◆ WHAT THE TASK ASKS: Only the text of the records belongs in the answer, copied exactly, with every picture omitted.

◆ RECORDS PROVIDED:
━━━━━━━━━━━━━━━━━━━━━━━━━━━━━━
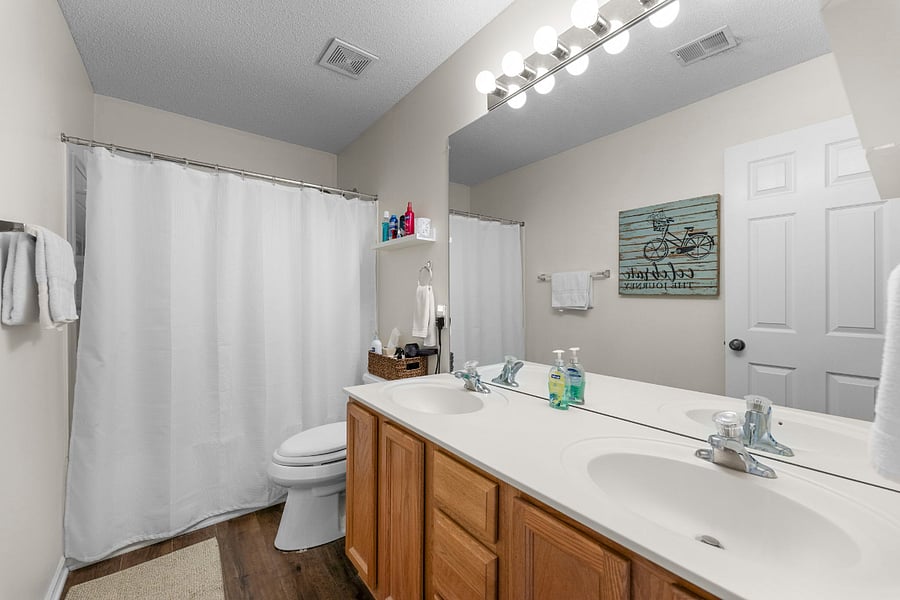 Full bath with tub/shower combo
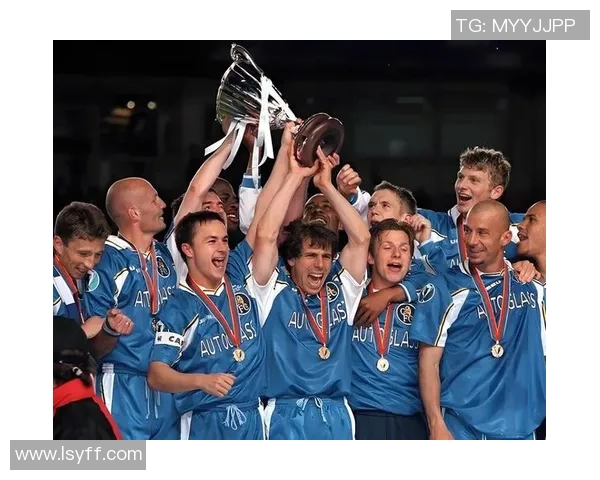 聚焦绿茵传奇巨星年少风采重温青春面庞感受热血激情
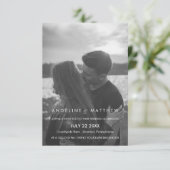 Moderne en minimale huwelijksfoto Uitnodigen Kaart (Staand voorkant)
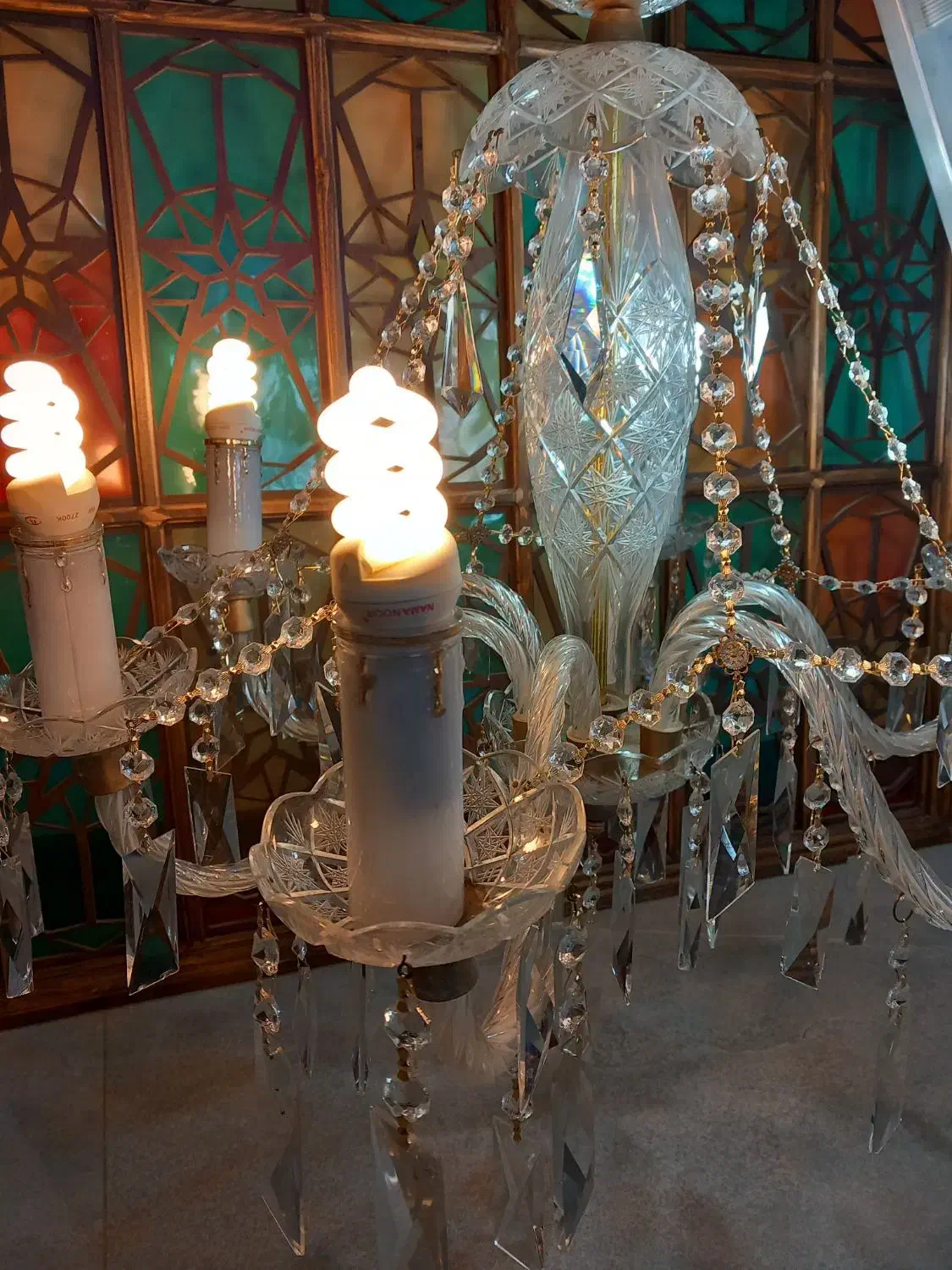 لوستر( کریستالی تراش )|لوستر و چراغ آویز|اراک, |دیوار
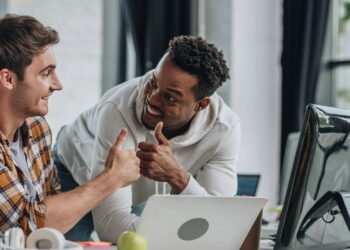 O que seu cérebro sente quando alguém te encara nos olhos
━━━━━━━━━━━━━━━━━━━━━━━━━━━━━━
◆ SOLUTION FOR THIS PROBLEM:
 Full bath with tub/shower combo
 聚焦绿茵传奇巨星年少风采重温青春面庞感受热血激情
 Moderne en minimale huwelijksfoto Uitnodigen Kaart (Staand voorkant)
 لوستر( کریستالی تراش )|لوستر و چراغ آویز|اراک, |دیوار
 O que seu cérebro sente quando alguém te encara nos olhos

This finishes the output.